The first work package’s goal is to improve the overall signature quality. This can be achieved by tuning the core components, i.e. the clustering and the signature assembler. Further, nebula looses all states upon restart in its current version. The second goal is to make nebula state-aware and add the ability to save and load states.
I started working on improvements to the signature composition algorithm. The original routine simply selects entries from the list of all common substrings using a greedy strategy: It starts with the longest common substring, puts it in the signature, proceeds with the next-longest one, and so on. In case of a syntactical conflict (the current segment might overlap with a previous one if only the minimum and the maximum possible offset are evaluated) the substring is simply discarded. This obviously leaves room for optimization. The new routine follows basically the same principle, but it tries to solve conflicts by excluding some occurrences of the current segment. This is fine, as long as all input string are still contributing to the segment. Here is an example:
[segment a] [segment b]
In this situation segment a and segment b are already placed in the signature. Each segment is defined by the minimum offset and the maximum offset of the corresponding substring in the input strings. In the above example the intervals for a and c overlap – we have a conflict, and the original algorithm would skip c. But it might be possible to shrink the interval by removing the left-most offset. However, this offset corresponds to an occurrence of the corresponding substring in one of the inputs. We have to take care that each substring contributes at least one offset to the segment, otherwise it won’t be a common substring anymore.
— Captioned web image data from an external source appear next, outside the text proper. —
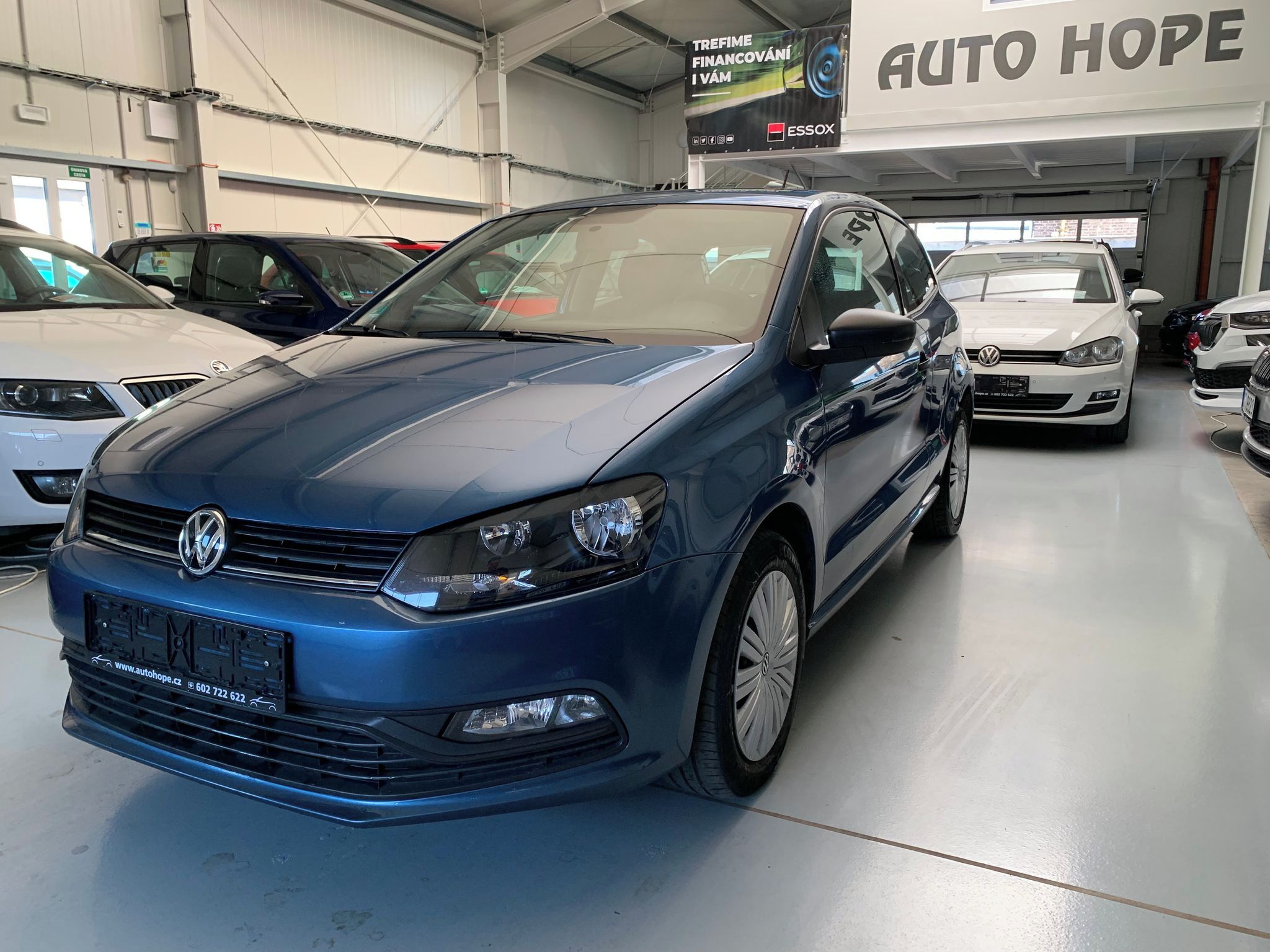 Volkswagen Polo, 1.4 TDI Trendline - fotka 3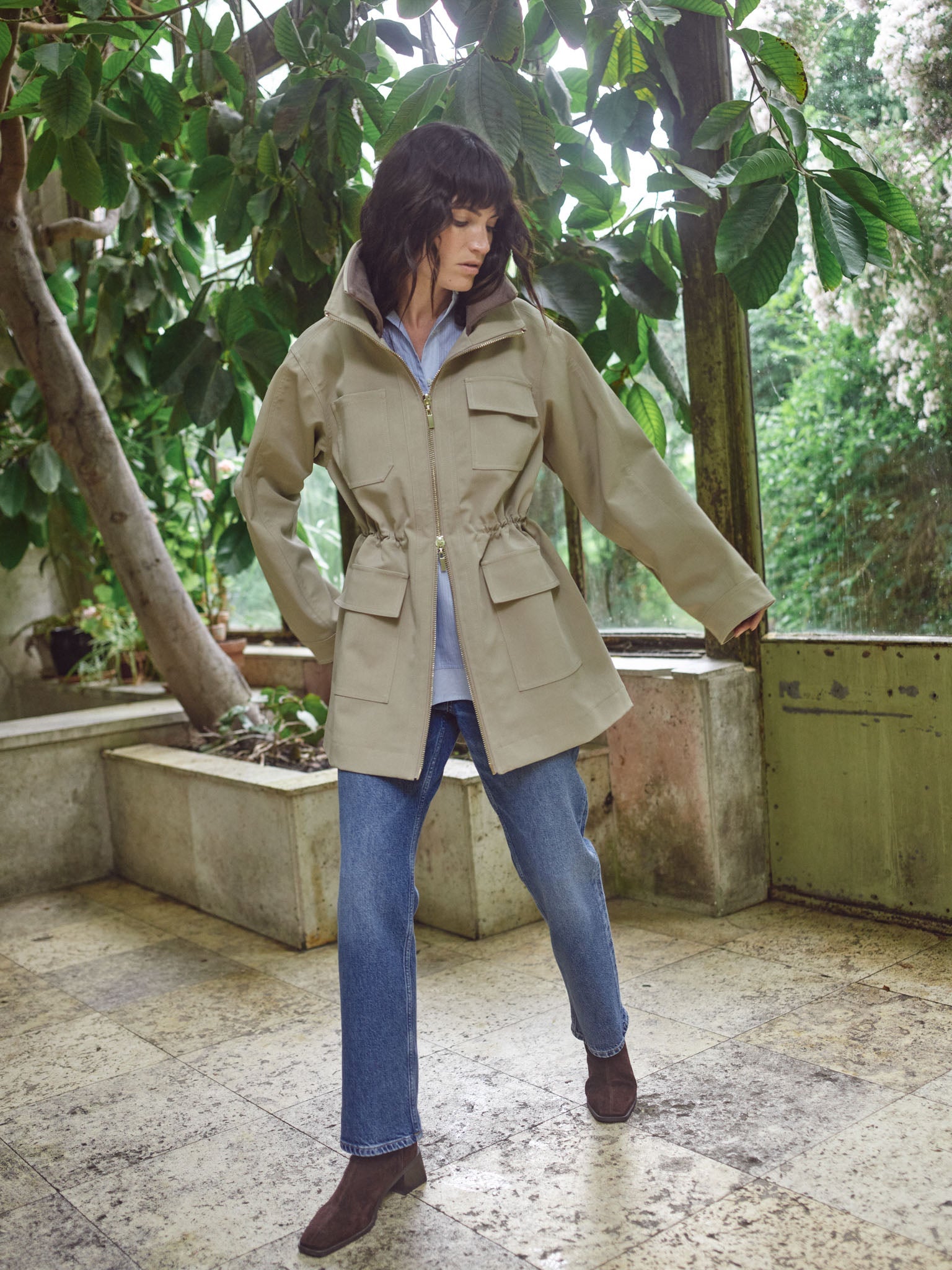 Modelshot / Twill / Detail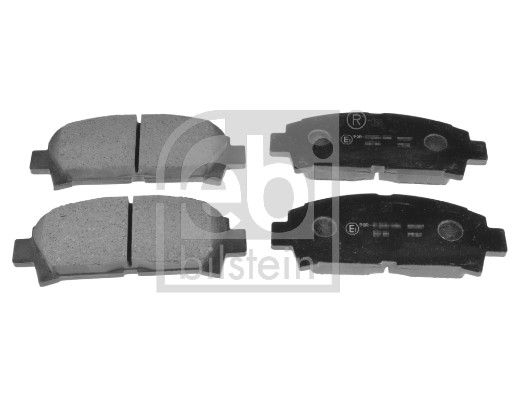 FEBI BILSTEIN 116362 - Bremsbelagsatz, Scheibenbremse
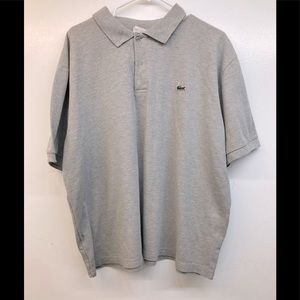 Men’s Lacoste shirt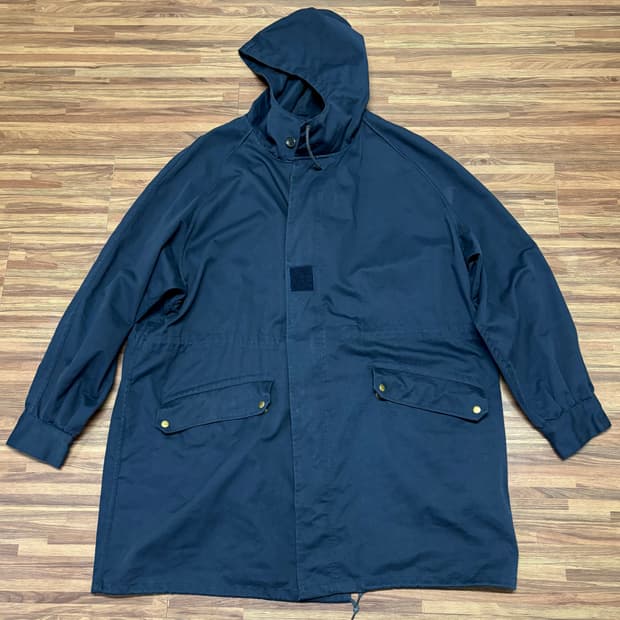 프렌치 아미 french army m64 프랑스 네이비 오버핏 모즈 파카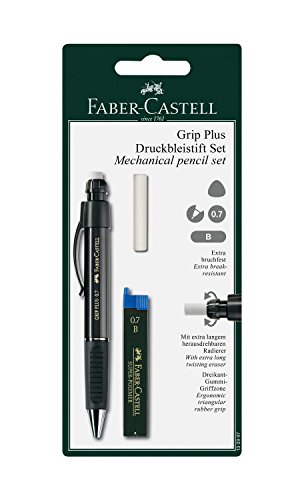 130997 grip plus blister porte-mines 0,7 mm + m...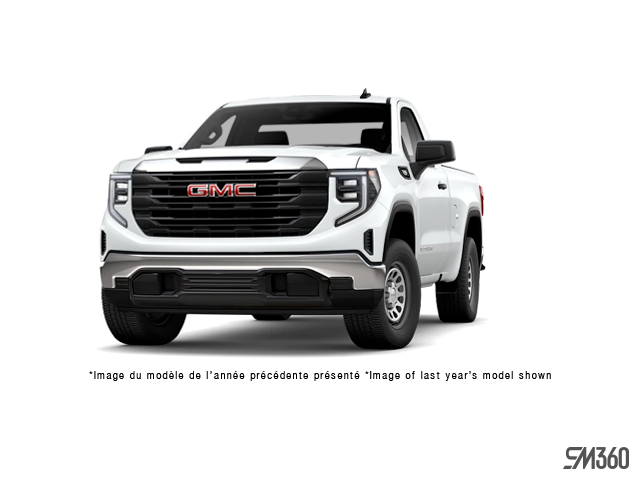 GMC SIERRA 1500 PRO 2026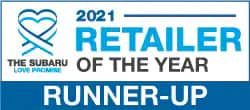 2021 Retailer of the Year Runner Up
If this can be guaranteed, the conflict can be solved and segment c can be inserted in the signature, wich obviously leads to much more accurate signatures:
[segment a][ment c] [segment b]
While addressing the other part of work package 1 I realized that the effort is quite high. A lot of internal tracking is required to save and load overall states, like clusters, input hashes, signatures in all revisions etc. I have already implemented parts of it but I won’t be able to finish it on time, so I decided to bring forward the second work package, the development of a nebula client library. Its code is already available in our svn repository. The interface is quite simple, there is only a couple of functions, and I believe their usage is straight-forward. The repository contains a simple command line client for submitting data to a nebula server that makes use of the library and can serve as an example (the old client is still available but considered obsolete).
What is next? I will keep working on state support and also already start with work package 3. It is going to be interesting to see how the snort plugin will work out.